Open cmonty14 opened 2 years ago
Hi, originally I was trying to repeat GKE on-prem architecture:
First you need to bring your Master Kubernetes cluster or Admin cluster which consists of three control-plane nodes. They are control-plane nodes for this Admin cluster as they running control-plane services like etcd, kube-apiserver, scheduler and controller-manager.
And they are also running containerized control-plane for the User defined clusters (child clusters). I'm not sure about the terminology, but if you feel that it is confusing please send me a pull request to fix the documentation.
For a PXE bootable server I would need
- PXE server
- DHCP service
- NFS service Are these services deployed on the HA control-plane nodes?
Yes they are
And what storage type is used? Is it local storage, means any control-plane node offers a NFS service?
Etcd the only storage consumer. Etcd enables HA on application layer, so you don't need any high-available storage for that. I suggest using local-path-provisioner as the most simplest solution
Hi, many thanks for your reply.
Things are getting clearer now.
There's just this follow-up question regarding NFS / Netboot Servers. My understanding is there must be a Netboot server that provides a shared storage with NFS. If this is located on a single node, it would be a SPOF and break HA. Therefore I concluded that this is provided by the Master kubernetes cluster (= Admin cluster).

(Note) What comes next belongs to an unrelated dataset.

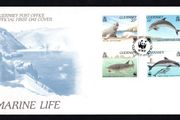 1990 Guernsey World Wildlife Fund (WWF): Marine Life Commemorative Stamps First Day Cover (FDC)
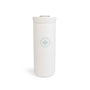 White tumbler with a logo on a white background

In my homelab this Admin cluster is built on three Raspi4 nodes, each with 4GB RAM and a SSD connected. How would this work with local-path-provisioner? Would the shared storage be provided by every single SSD, and that means 2 SSDs have replicated data?
NFS is not used as whole rootfs-image is loaded directly into RAM. This image is given by LTSP-server which is separate for each user cluster
In my homelab this Admin cluster is built on three Raspi4 nodes, each with 4GB RAM and a SSD connected. How would this work with local-path-provisioner?

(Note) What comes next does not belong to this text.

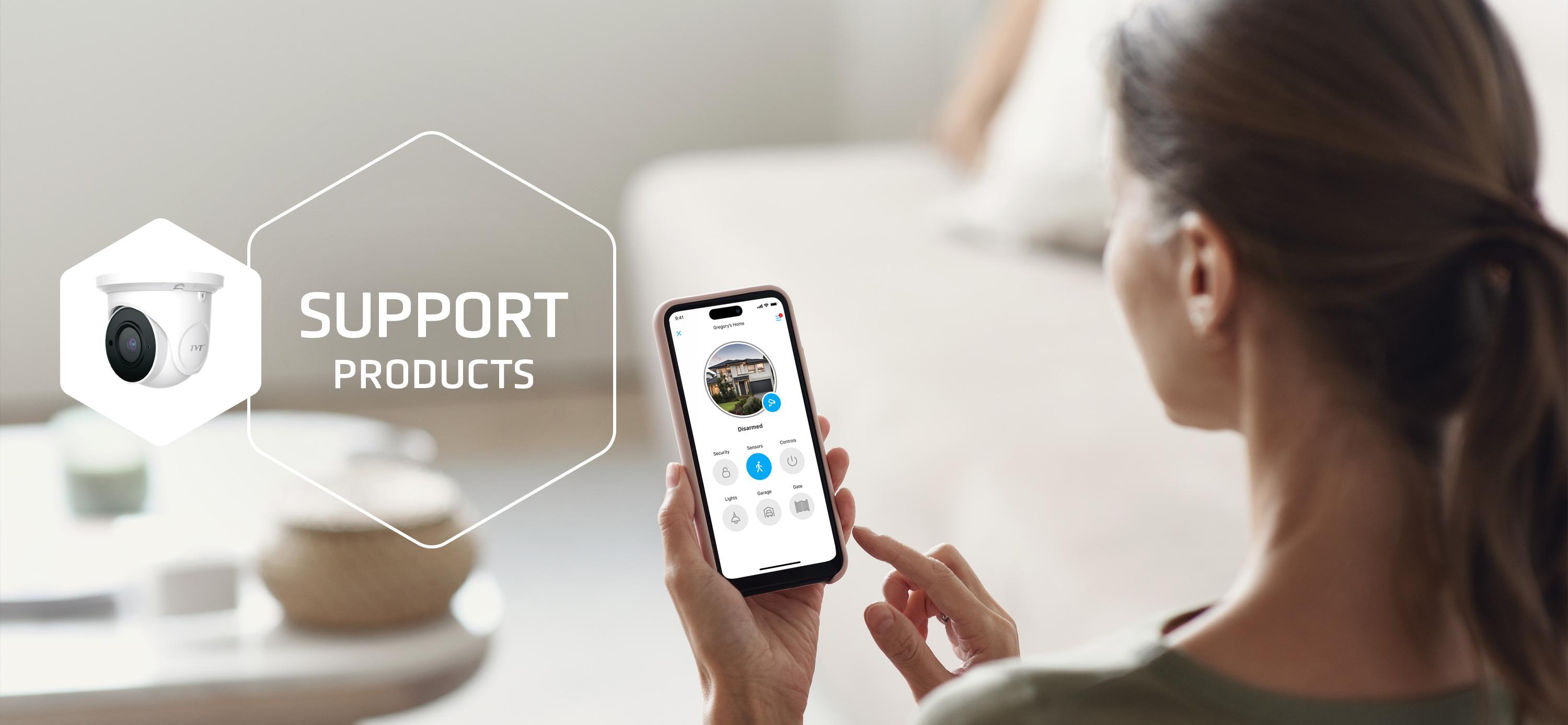 Support products from Home Security Systems - woman looking at phone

Not checked that yet, but I guess you'd need to rebuild everything for ARM
NFS is not used as whole rootfs-image is loaded directly into RAM. This image is given by LTSP-server which is separate for each user cluster
Understood... no NFS server but LTSP. Actually LTSP includes several services, e.g. DNS, TFTP, NFS, etc. And LTSP is deployed on the Admin cluster, too.
But LTSP requires a storage for the images that the clients are booting. Is this storage provided by every single control-plane nodes then? If yes, I would have n-1 replicas of the images for a cluster with n nodes. If no, this image storage would be a single-point-of-failure.

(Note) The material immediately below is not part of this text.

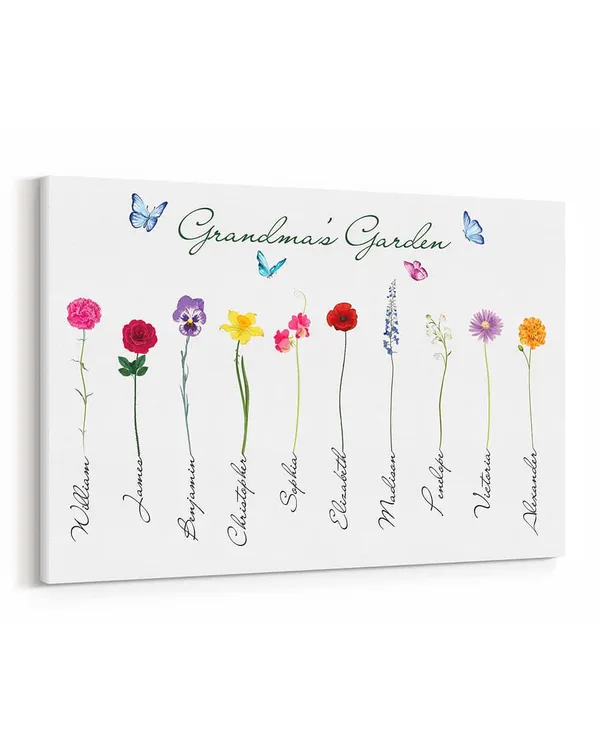 Personalized Custom Grandma's Garden Canvas Print CS103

The root-fs image is build using Dockerfile, so rootfs-image for booting is part of LTSP-server image. Of course you can run it in multiple replicas
And what is your (original) software design to store this root-fs-image? Dedicated LTSP server or control-plane node storage?
@Kvasp have you got an docker compose of the services needed in order to get node up ? All that would be needed is the join command (for example of existing cluster), and nodes booted would join it? I tried decomposing the whole thing but the http booting with grub is not working for me..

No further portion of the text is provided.